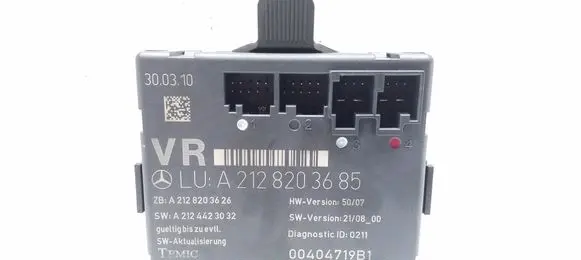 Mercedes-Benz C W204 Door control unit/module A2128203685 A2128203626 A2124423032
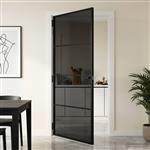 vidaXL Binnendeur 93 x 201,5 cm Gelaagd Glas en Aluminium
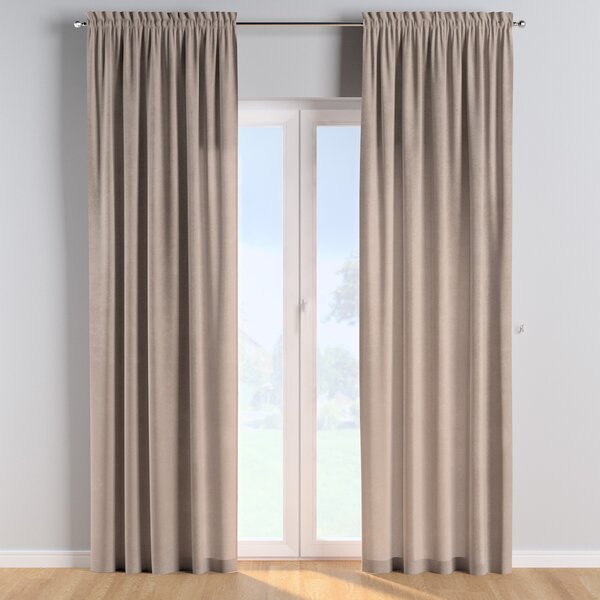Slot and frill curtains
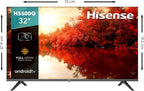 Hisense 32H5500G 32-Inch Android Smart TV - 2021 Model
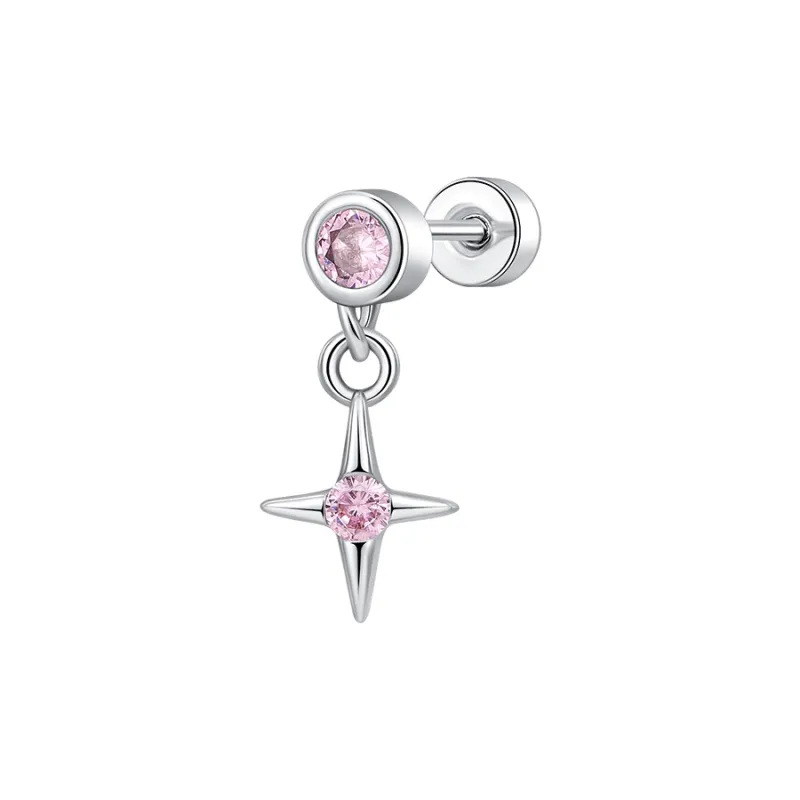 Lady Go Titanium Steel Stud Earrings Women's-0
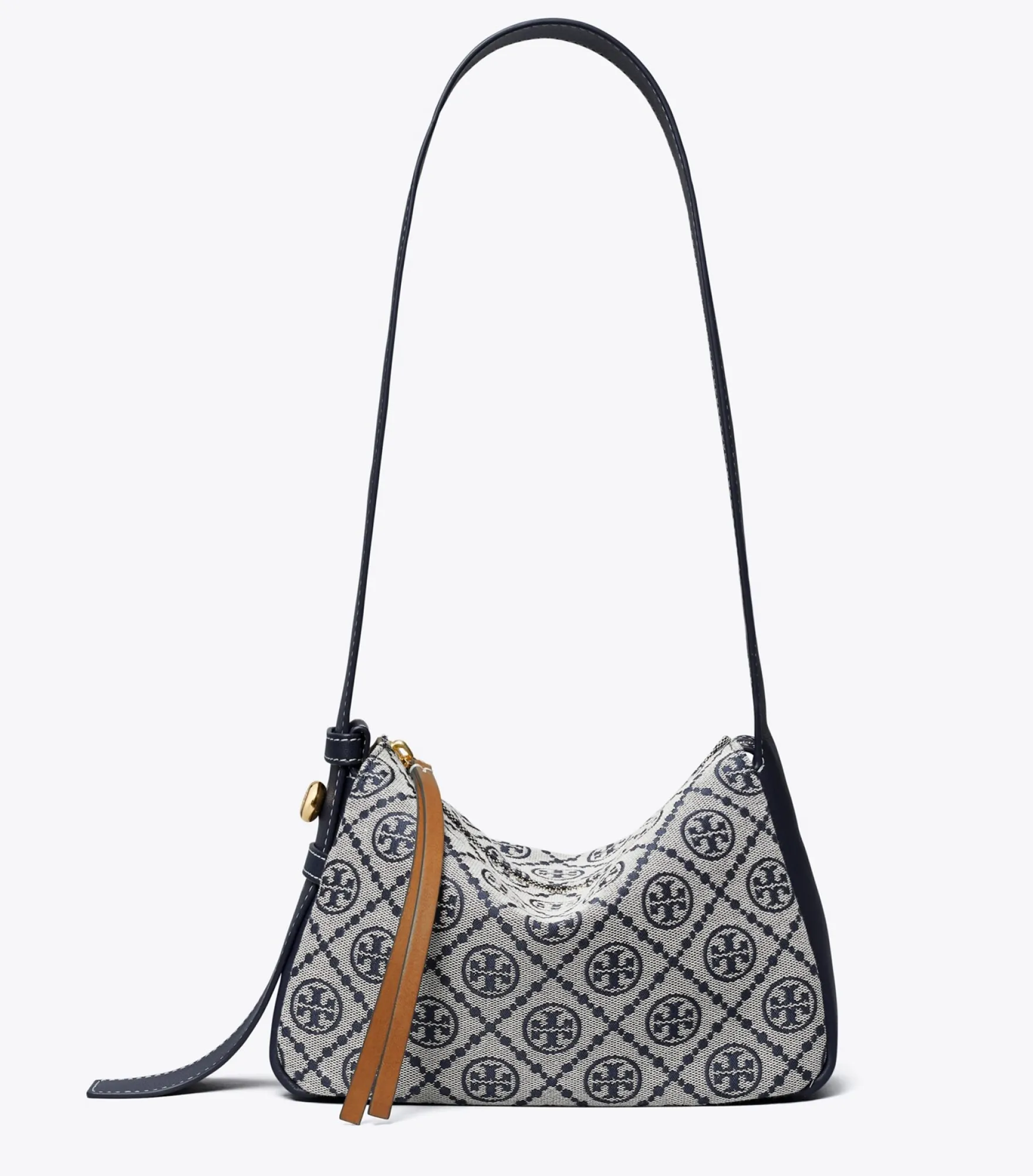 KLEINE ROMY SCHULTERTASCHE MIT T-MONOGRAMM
····················
- _Activity_: Word for word, set down the lines from the line with "Lady Go Titanium" through the last line of the entries, and nothing else; the pictures stay out.

- _Answer to the problem_:
 Lady Go Titanium Steel Stud Earrings Women's-0
 KLEINE ROMY SCHULTERTASCHE MIT T-MONOGRAMM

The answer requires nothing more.